Author and academic Dr David Whish-Wilson discusses his award-winning short story The Cook, the evolution of crime writing, and Australia’s surprising, felonious link to colonial California.

David Whish-Wilson
David Whish-Wilson

What I like about writing is the fun of not knowing where a story is going. I’ll usually start with a character or a setting and let things unfold naturally. For The Cook, it started with a setting. My family and I go camping at a place called Walga Rock in the Gascoyne region of Western Australia. The area is not widely depicted in fiction. I was pleased with the chance to capture in words the unique names and geology and quality of light of this lesser-known landscape.
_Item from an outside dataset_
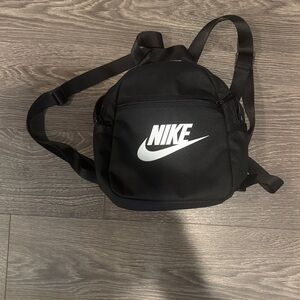 Nike Sportswear Futura 365
Women's Mini Backpack (6L) (LIKE NEW)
The father and son in the story have strong family ties to Walga Rock and when one commits a violent crime the pair instinctively flees to its shelter. This ancient landform is a stoic figure: it’s a protector and a holder of tradition for the characters, like it is for the local Wadjarri people. However, the solid earth is balanced out by the ever-changing natural environment. Out here the bush can nourish life, but it can also conceal and obliterate it.

I believe the Australian bush truly lends itself to crime fiction. In the bush, danger is easily hidden: you may be centimetres from a poisonous snake and never realise. It acts as its own disguise. To a genre preoccupied with the unseen and the elusive, this camouflaging environment is near irresistible. The bush particularly suits characters who are interested in not being known, like the father and son in The Cook. Places and characters that are more than they appear on the surface can be great devices for exploring what’s really happening behind closed doors.

Human deviance has always fascinated people. Stories about crime, violence and corruption appeal to wide audiences and often stand the test of time (think the stories of Arthur Conan Doyle, Agatha Christie and Truman Capote). In the past, however, critics broadly consigned the popular genre – with its unsavoury subject matter – to the cultural ghetto. Crime fiction has only gained traction as a valid form of literature in the last fifteen to twenty years, thanks to the gradual crumbling of what constitutes ‘high culture’ and ‘low culture’. Excellent writers like Richard Price and television series like Breaking Bad and The Wire simply tell compelling stories about life. Their narratives just happen to centre on unlawful activity.

Currently I’m researching for a novel the rather dubious activities of Australian ex-convicts during the Californian gold rush. Those who tried and failed to strike it rich ended up forming some of San Francisco’s earliest criminal gangs. Australia’s convict diaspora seemed to flourish in a country that reinforced individualism and a distrust in government. By contrast, Britain’s colonial penal system valued surveillance and harsh punishment, which helped form a very different culture. I’m interested in this idea of how environments act upon us, how we change our behaviour under authority and adapt to survive.